Teknologi prototipe menyusut AI untuk menghadirkan fungsionalitas seperti otak dalam satu perangkat yang kuat - ScienceDaily
Popular

Obat yang digunakan untuk mengobati berbagai penyakit inflamasi mungkin kurang aman daripada yang diperkirakan sebelumnya – ScienceDaily


Glukokortikoid adalah steroid yang banyak diresepkan untuk mengobati berbagai penyakit inflamasi yang dimediasi oleh kekebalan. Walaupun steroid dosis tinggi diketahui meningkatkan risiko penyakit kardiovaskular, dampak dari dosis yang lebih rendah tidak diketahui.
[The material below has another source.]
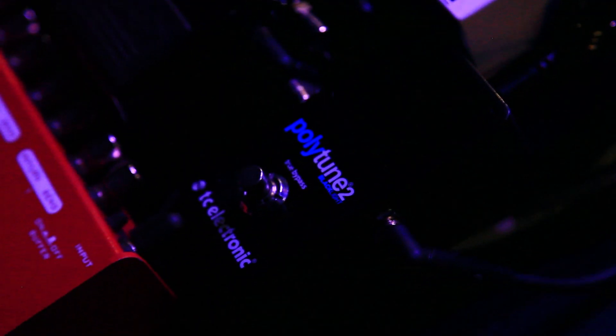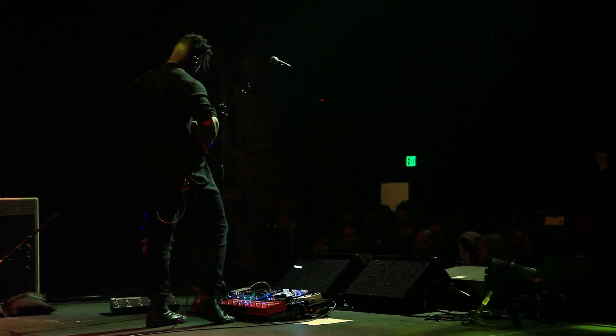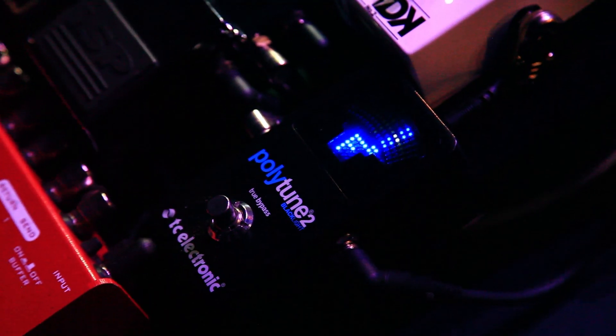And the PolyTune — I remember the first iteration. It was really cool that you could strum the whole neck and see what was in and out. On stage, it saves you a lot of time because you don't have to go step by step. So I'm currently using the PolyTune as my main tuner.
Sebuah studi yang diterbitkan di PLOS Medcine oleh Mar Pujades-Rodriguez dari Universitas Leeds dan rekannya menunjukkan bahwa glukokortikoid dosis rendah sekalipun dapat meningkatkan risiko penyakit kardiovaskular.

Untuk mengukur risiko kardiovaskular yang bergantung pada dosis glukokortikoid, para peneliti menganalisis catatan medis dari 87.794 pasien yang didiagnosis dengan 6 penyakit inflamasi yang dimediasi oleh kekebalan berbeda yang menerima perawatan dari 389 klinik perawatan primer Inggris pada tahun 1998-2017. Para peneliti menemukan bahwa untuk pasien yang menggunakan kurang dari 5 miligram prenisolone per hari, risiko absolut penyakit kardiovaskular hampir dua kali lipat dibandingkan dengan pasien yang tidak menggunakan glukokortikoid (Rasio Bahaya = 1,74; interval kepercayaan 95% 1,64-1,84). Peningkatan rasio risiko tergantung dosis ditemukan di semua CVD yang diukur, termasuk figrilasi atrium, gagal jantung, infark miokard akut, penyakit arteri perifer, penyakit serebrovaskular, dan aneurisma aorta abdominal.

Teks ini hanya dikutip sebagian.